Study of a Rooster Statue
Charcoal on Paper
24 ¾ x 19 in.; 62.9 x 48.3 in.
Gift of Charles Lisanby
This drawing is a sketch of a rooster statue that sat in Charles’ New York apartment during the 1950s and was one of the many items that he and Andy Warhol would sketch together. After their initial introduction in 1955, Charles and Andy immediately became very close friends and began spending a great deal of time together, even departing on a trip around the world together the following summer. The two would often spend their Saturdays and Sundays cooped up in Charles’ apartment sharing ideas and drawing the various found objects that filled it. According to Charles, Warhol’s Rooster with Coca Cola Bottle from 1960, which is now housed in the National Gallery of Scotland, was done from the same statue as this piece.
Studying Charles and Andy’s different interpretations of this statue illuminates two very distinct styles of drawing, and indeed two mutually exclusive artistic philosophies.
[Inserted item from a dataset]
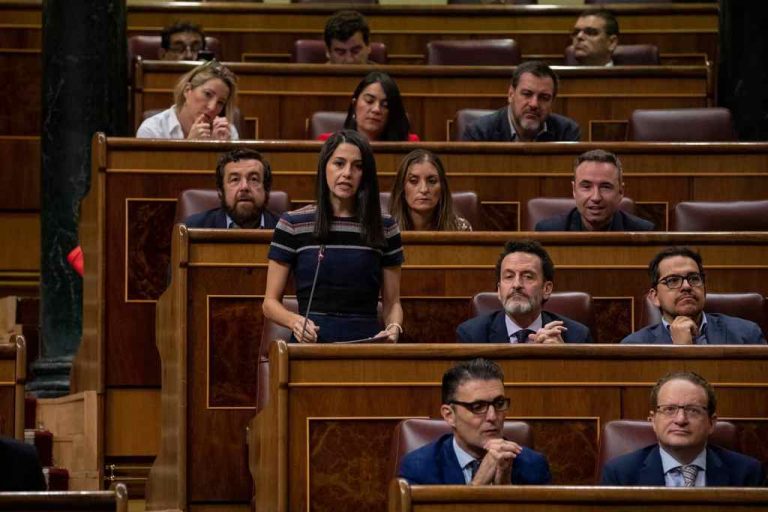 Arrimadas crítica los «intentos de compra de votos» de Sánchez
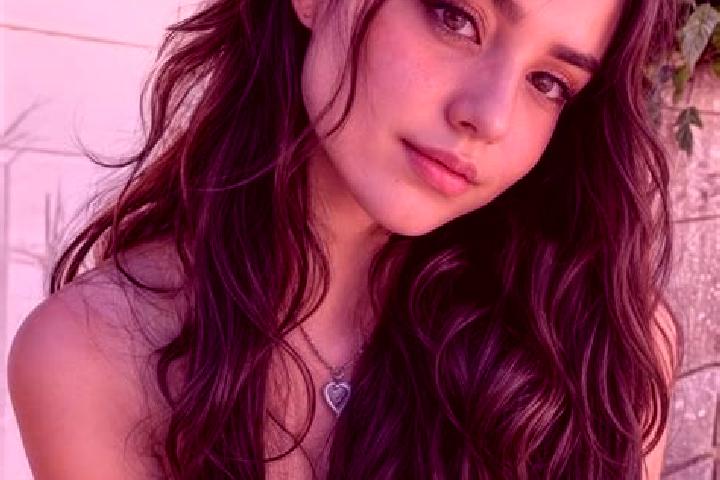 Kinsley, 28, a auburn hazel-eyed slavic companion based in Grantola. Offering Fetish, Erotic Massage, Couples, 69. Available for incall and outcall, day and ...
Charles, on the one hand, builds the rooster carefully from short strokes that mirror the way most laypersons would draw. Andy’s rooster, on the other hand, is built from rigid, regular, wholly depersonalized lines that create a commodified aesthetic he aimed for in all of his art. This divergence in artistic philosophies—Charles being much more conservative and refined compared to Andy’s stark, simple, modern aesthetic—would prove to be one major factor behind their eventual rift.